「利益率30%を目標」にする前に、まず何の利益率を30%にするのか決める
楽天公式は、粗利率・営業利益率・経常利益率・純利益率を別々の指標として整理しています。同じ「利益率」という言葉でも、どこまで費用を引いた数字かで意味は変わります。
1|粗利率と営業利益率を同じ目標にしない
粗利率は売上から売上原価を引いた割合です。営業利益率は、そこから広告費、人件費、配送費、システム利用料など販売・運営費を引いた後の割合です。
粗利率40%を確保できても、運営費が大きければ営業利益率は低くなります。
2|一般的な業界目安を、そのまま自店の合格ラインにしない
楽天公式は一般的な粗利率目安として、商材ジャンルごとに幅があると紹介しています。ただし、これは粗利率の一般目安で、楽天店舗の営業利益率目標そのものではありません。

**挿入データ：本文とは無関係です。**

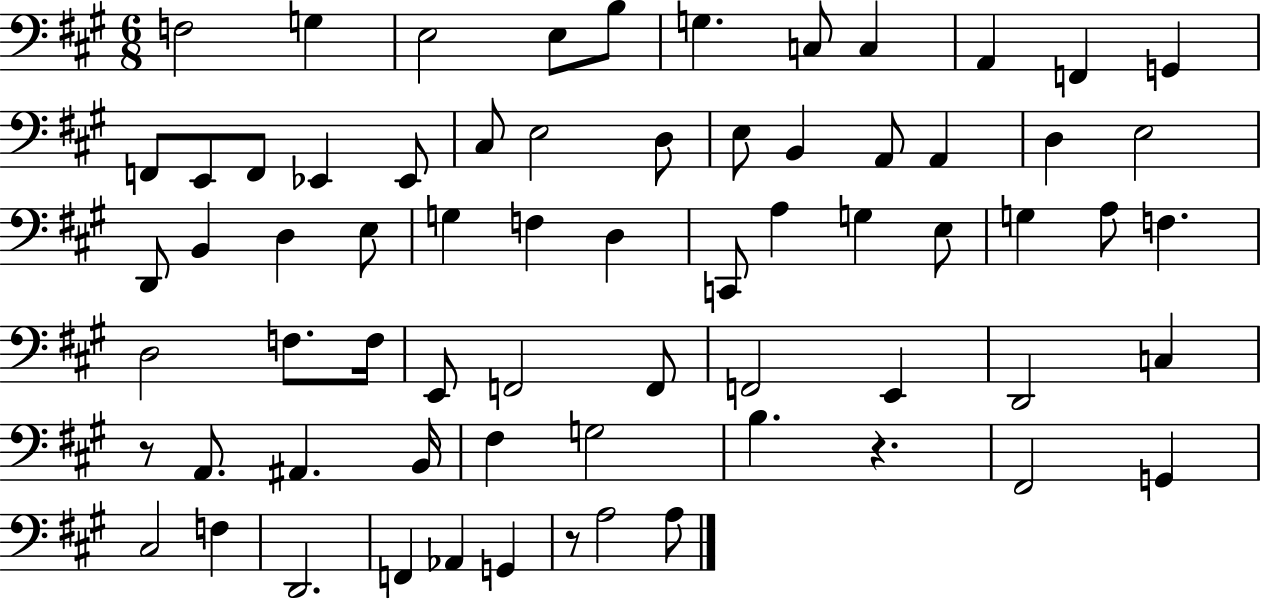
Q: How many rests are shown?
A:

商品構成、送料負担、広告依存度、在庫回転、社内人件費が違えば、必要な利益率も変わります。
3|まず赤字にならない売上と費用を出す
損益分岐点を確認すると、「最低限どれだけ売れば固定費まで回収できるか」が分かります。目標利益率は、赤字回避ラインを超えたうえで、必要な投資や事業継続を賄える数字にします。
4|粗利率の目標なら、商品原価から販売価格を逆算する
楽天公式は、粗利率を基準に販売価格を考える基本式として「原価÷(1-目標利益率)」を紹介しています。これは商品原価と売価から粗利率を逆算するための考え方です。営業利益率を確認する場合は、送料・モール費用・決済・広告・ポイント・クーポン・人件費などを別途含めます。
商品原価から逆算できるのは粗利率の基本目安です。店舗として残したい利益を見るときは、送料・モール・決済・販促・人件費などを追加して営業利益側を確認します。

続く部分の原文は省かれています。